The monkeys were fed a diet high in saturated fats and cholesterol, known to cause atherosclerosis, narrowing or “furring up” of the coronary arteries that supply the heart muscle with blood, However, not all the monkeys developed atherosclerosis: those of lower rank were significantly more likely to get it. And this was only due to their rank as was shown by changing their groups: when top ranking monkeys were put in a group by themselves, a new hierarchy developed and those now lower down started developing atherosclerosis. Studies on baboons found that low ranking ones had higher cortisol levels and lower “good” cholesterol levels in their blood. Measurements were taken after shooting the baboons with tranquiliser darts. Marmot remarks that they decided not to “dart” civil servants but were able to show that, the lower the grade of job, the lower was the level of “good” cholesterol, the higher the blood glucose, and the more fat round the waist, changes linked to high levels of cortisol and predisposing people to CHD and diabetes.
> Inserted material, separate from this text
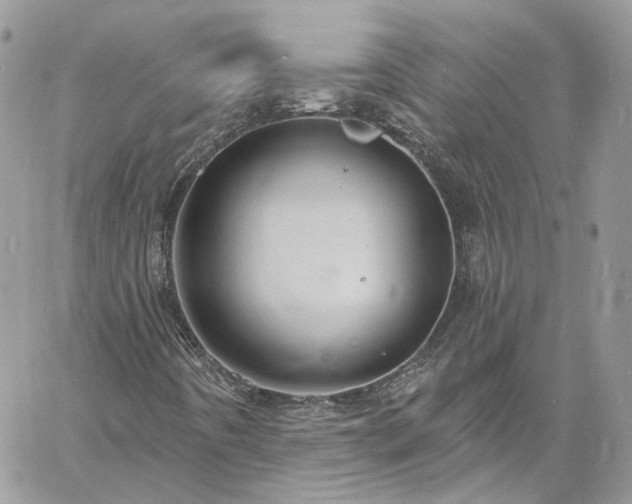 X0000060791442200511171256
Clearly, status affects health and the steeper the differences in status the more health is affected. Broadly, this is the same thing as inequality and, in The Spirit Level, it is pointed out that in both UK and USA inequality, as measured by the difference in incomes between richest and poorest, increased greatly in the 1980s. It is no exaggeration to say that the attacks on workers’ rights spearheaded by Thatcher and Reagan which have persisted until now are responsible for a great deal of disease and death.

Now Cameron’s government is cutting benefits and demonising claimants. Does the lesson of this need to be spelt out? Thus it would seem!

1Michael Marmot. Status Syndrome: How Your Social Standing Directly Affects Your Health. Bloomsbury, 2005.

2Richard Wilkinson and Kate Pickett. The Spirit Level: Why More Equal Societies Almost Always Do Better. Allen Lane, 2009.